What if we just print the node names to the terminal in a nice graphical layout? As of #846, drake_graph_info()$nodes has x and y coordinates.

library(drake)
library(txtplot)

data <- function(...) {123}
munge <- function(...) {123}
plan <- drake_plan(
  x = data(),
  y = target(munge(x, i), transform = map(i = !!seq_len(100))),
  z = target(y, transform = combine(y))
)

make(plan, verbose = 0L)
config <- drake_config(plan)
nodes <- drake_graph_info(config)$nodes
txtplot(x = nodes$x, y = nodes$y, pch = nodes$id)
#>      +-+------------+-----------+-----------+-----------+--+
#>    1 +                                  y_4L                  +
#>      |                                  y_61L                  |
#>      |                                  y_55L                  |
#>  0.5 +                                  y_76L                  +
#>      | data                                y_100L                  |
#>      |                                  y_72L                  |
#>    0 +                  x               y_48L               z  +
#>      |                                  y_75L                  |
#> -0.5 + munge                                y_65L                  +
#>      |                                  y_5L                  |
#>      |                                  y_14L                  |
#>   -1 +                                  y_77L                  +
#>      +-+------------+-----------+-----------+-----------+--+
#>       -1          -0.5          0          0.5          1

Created on 2019-04-21 by the reprex package (v0.2.1)

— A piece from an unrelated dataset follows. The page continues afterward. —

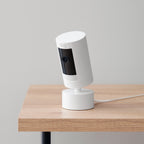 Pan-Tilt Mount with Indoor/Outdoor Power Adapter (for Stick Up Cam Plug-In, 3rd Gen)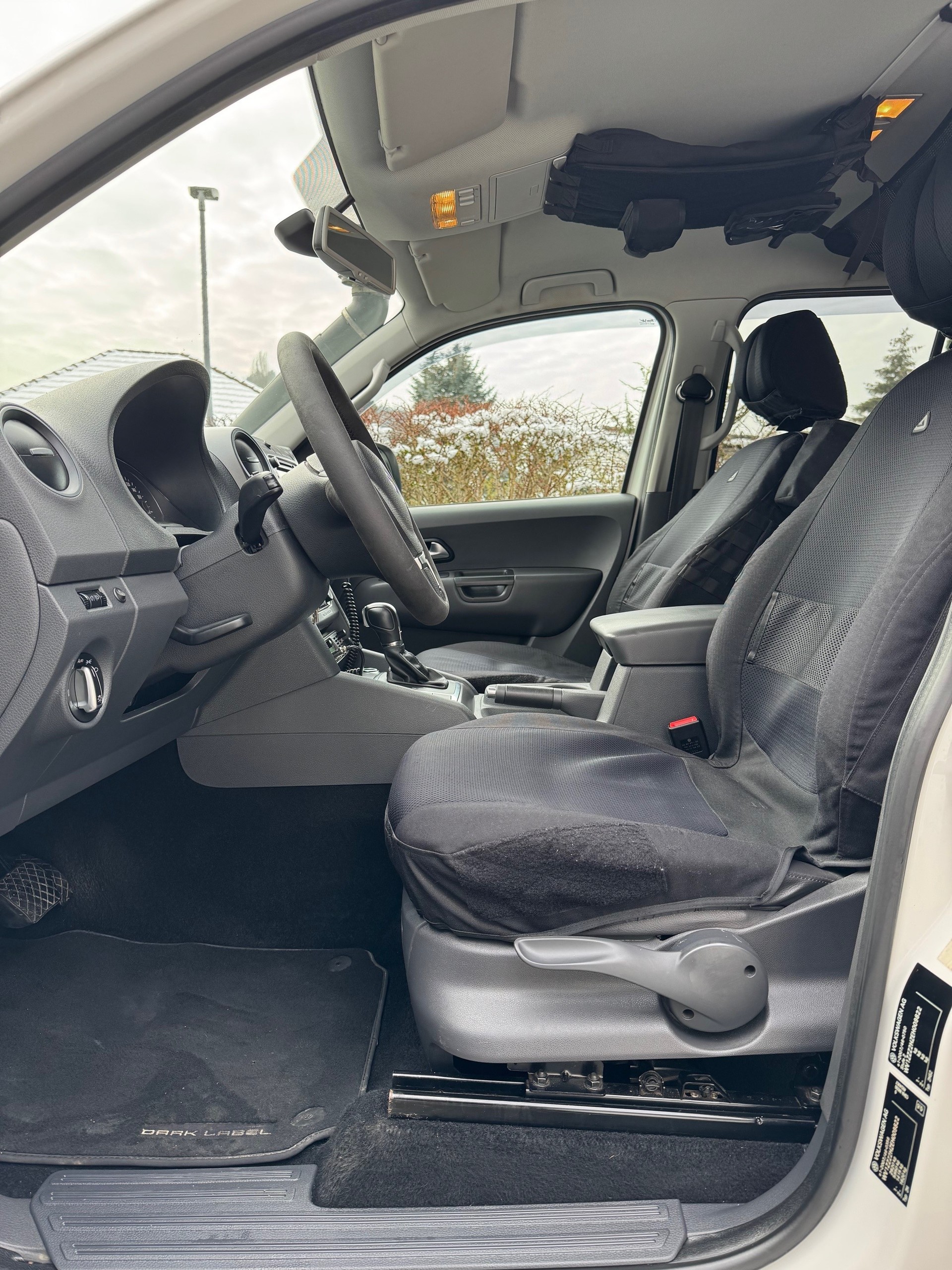 VW Offroad Amarok 2.0BiTDI Highline Gölä 4Motion permanent A-image-8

We can even add color to the points, although fansi-powered HTML reprexes do not seem to fully render on GitHub. Here is one without node text.

options(crayon.enabled = TRUE)
old.hooks <- fansi::set_knit_hooks(knitr::knit_hooks)
#> <STYLE type='text/css' scoped>
#> PRE.fansi SPAN {padding-top: .25em; padding-bottom: .25em};
#> </STYLE>

library(crayon)
library(drake)
library(txtplot)

data <- function(...) {123}
munge <- function(...) {123}
plan <- drake_plan(
  x = data(),
  y = target(munge(x, i), transform = map(i = !!seq_len(100))),
  z = target(y, transform = combine(y))
)

make(plan, verbose = 0L)
config <- drake_config(plan)
nodes <- drake_graph_info(config)$nodes
nodes$id <- paste0(nodes$id)
nodes$pch <- purrr::map2_chr(
  .x = nodes$id,
  .y = nodes$color,
  function(id, color) {
    id <- substr(x = id, start = 0, stop = 1)
    crayon::make_style(color, bg = TRUE)(" ")
  }
)

txtplot(x = nodes$x, y = nodes$y, pch = nodes$pch)

Screenshot_20190421_082712

Snag

txtplot() seems to struggle when pch is more than one character. If we do need to manually replicate txtplot() to work around this limitation, I hope we can keep the code base reasonably small.

cc'ing the most active contributors to cowsay: @sckott, @aedobbyn, @ateucher.

visualization new feature

Most helpful comment

Implemented. We now have text_drake_graph().

All 10 comments

Admittedly, cowsay itself is only vaguely related, but maybe I can learn a thing or two about text-based terminal graphics.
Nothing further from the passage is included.